The state failed jobless Floridians who are now giving up securing unemployment benefits missed because of the faulty state unemployment portal, Agriculture Commissioner Nikki Fried said.
Fried, the only Democratic member of the Cabinet, was the lone Cabinet member in the room for Thursday’s meeting, the first in months. Speaking to reporters following the meeting, the Commissioner said Floridians are frustrated with the unemployment system.
“They’re going back to work and putting their lives at risk because they can’t wait for not only the state’s unemployment system but also getting their federal dollars,” Fried said. “They don’t have a choice anymore but to go back to work. And they don’t have four to six hours every day to go onto the unemployment system to be waiting online to be talking to call center employees who are frustrated because they too don’t have the right answers to give.”
The CONNECT portal may have stabilized some, and Floridians have received $3.5 billion in unemployment benefits. Still, many Floridians are stuck with problems that can only be fixed manually by a Department of Economic Opportunity representative. But calls to the department’s service center can take hours to finally reach a representative, leading many still owed state and federal dollars to give up on the process.
Gov. Ron DeSantis, who has outlined a reopening process he calls measured, safe and smart, has made restoring the economy a priority alongside protecting the health of at-risk Floridians. But getting restaurants back open and getting tourism underway won’t repay the lost wages missed since March.
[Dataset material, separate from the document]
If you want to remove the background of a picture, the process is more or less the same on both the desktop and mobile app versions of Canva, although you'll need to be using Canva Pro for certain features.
“While they may be going back to work, they still have now two months-worth of back pay on electric bills and leases on cars and gas payments that have to be made, and unfortunately, the state failed,” Fried said.
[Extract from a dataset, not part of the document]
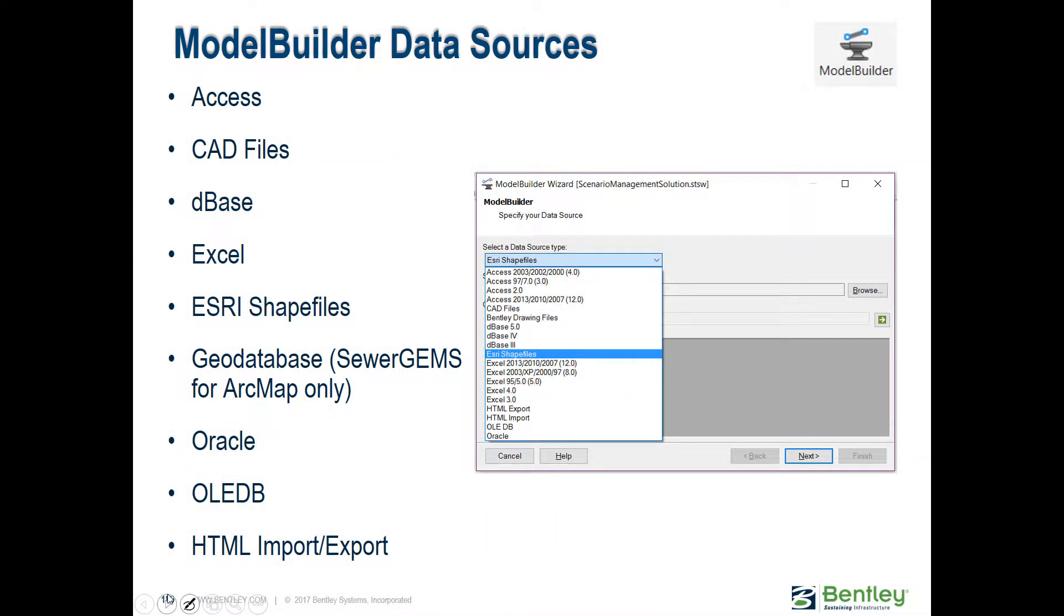Model Builder is our tool for reusing digital data that you have and creating models based on that data. If you already have a CAD file that has your pipes drawn in there and maybe your inlets or your catch basins, your catchments, you can convert those right into modeling elements.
The Commissioner and other Democrats have questioned whether the reopening process has been safe. She said not a single person in Seaside, where she visited Memorial Day weekend, was wearing a mask, and restaurants were operating at full capacity despite restrictions.
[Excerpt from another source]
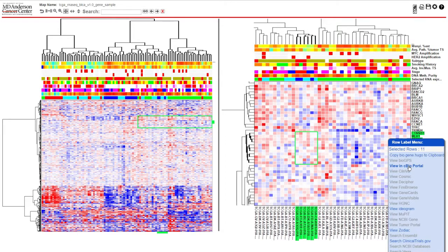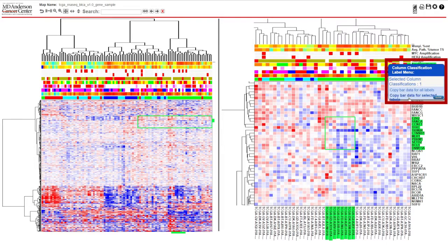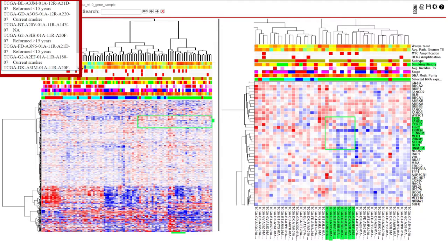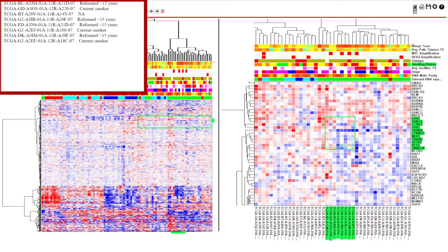If your heatmap has covariates, you can also use the information by left-clicking on the covariate you wish to view, and then right-clicking on the name and selecting 'copy bar data for selection.' You must have a row and column selected to view the covariate information. This will open the covariate information in a new window.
“It’s wonderful that we’re seeing that economy open back up, but at the potential detriment for the individuals that were participating in it,” she added.
The “disproportionate response” between policies for at-risk people and others has been unfortunate, she added. She spoke about her 90-year-old grandmother living in Palm Beach County, one of the state’s COVID-19 hot spots, and lamented that children’s summer camps are reopening, but she can’t yet tell her grandmother to play card games with friends.
“Why we closed schools to begin with is because we know that our youth, unfortunately, can still carry, and they can carry it over to their parents and grandparents, and so it’s unfortunate,” Fried said.
And while gyms were supposed to remain closed during the first part of Phase One, she said her office reached out to open gyms that said the Governor’s Office told them they could reopen.
“There’s an extreme confusion. That’s been since day one,” she said. “That’s why I was critical of this piecemealing approach of shutting down, and now we’re relying back on our local governments.”